--- PROBLEM ---
Transcribe the listing word for word, beginning at its first line and ending at the line containing "Luis Suárez (R), de"; omit the pictures.

--- INPUT DATA ---
◇ ◇ ◇ ◇ ◇ ◇ ◇

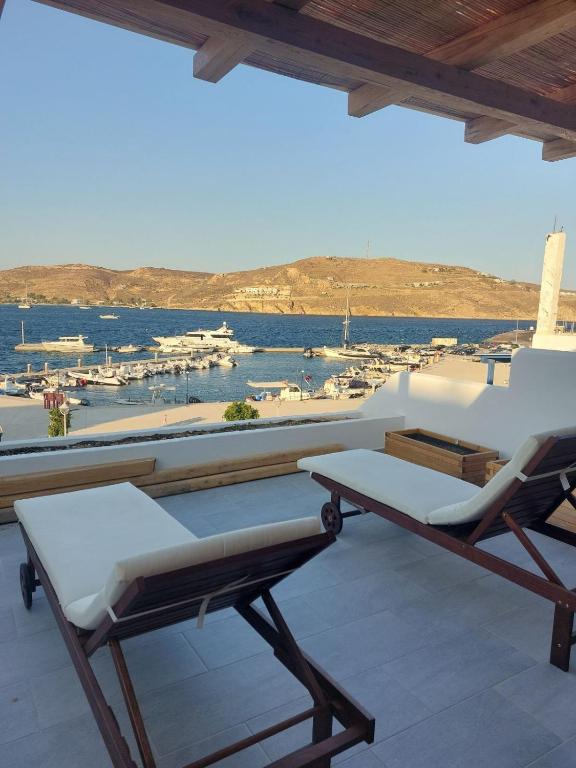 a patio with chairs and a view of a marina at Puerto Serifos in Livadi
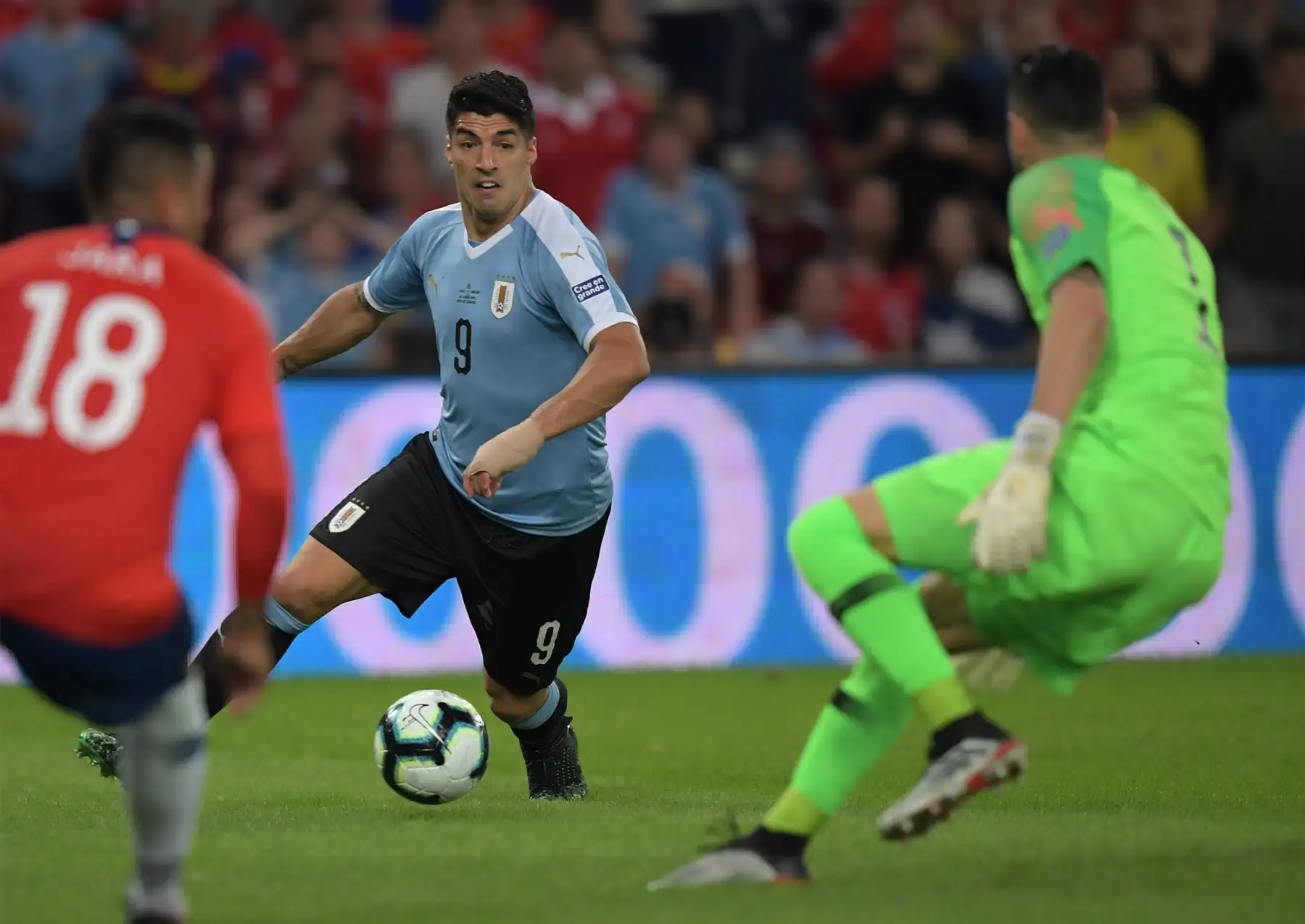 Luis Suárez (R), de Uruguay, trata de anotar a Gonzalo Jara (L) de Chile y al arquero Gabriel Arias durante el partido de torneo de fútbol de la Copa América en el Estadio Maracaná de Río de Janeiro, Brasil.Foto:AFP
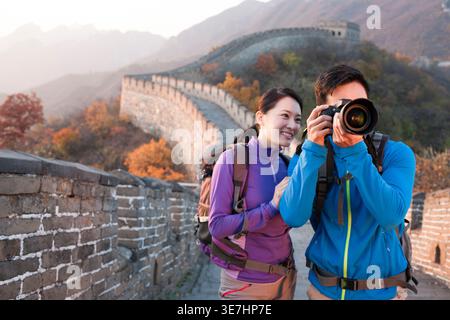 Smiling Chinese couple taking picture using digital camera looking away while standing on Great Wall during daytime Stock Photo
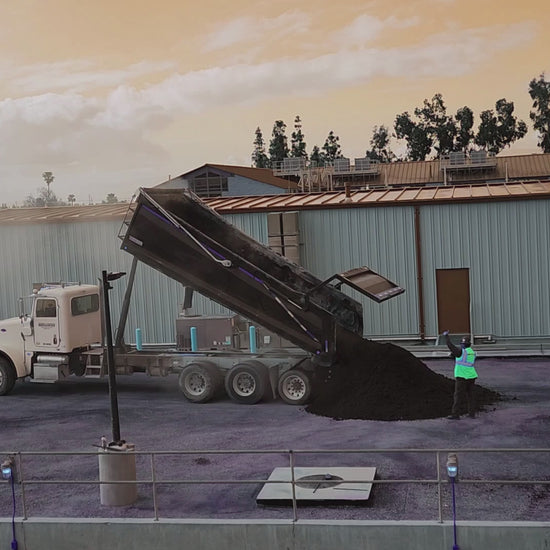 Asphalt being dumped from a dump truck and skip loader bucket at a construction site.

◇ ◇ ◇ ◇ ◇ ◇ ◇

--- FINAL ANSWER ---
 a patio with chairs and a view of a marina at Puerto Serifos in Livadi
 Luis Suárez (R), de Uruguay, trata de anotar a Gonzalo Jara (L) de Chile y al arquero Gabriel Arias durante el partido de torneo de fútbol de la Copa América en el Estadio Maracaná de Río de Janeiro, Brasil.Foto:AFP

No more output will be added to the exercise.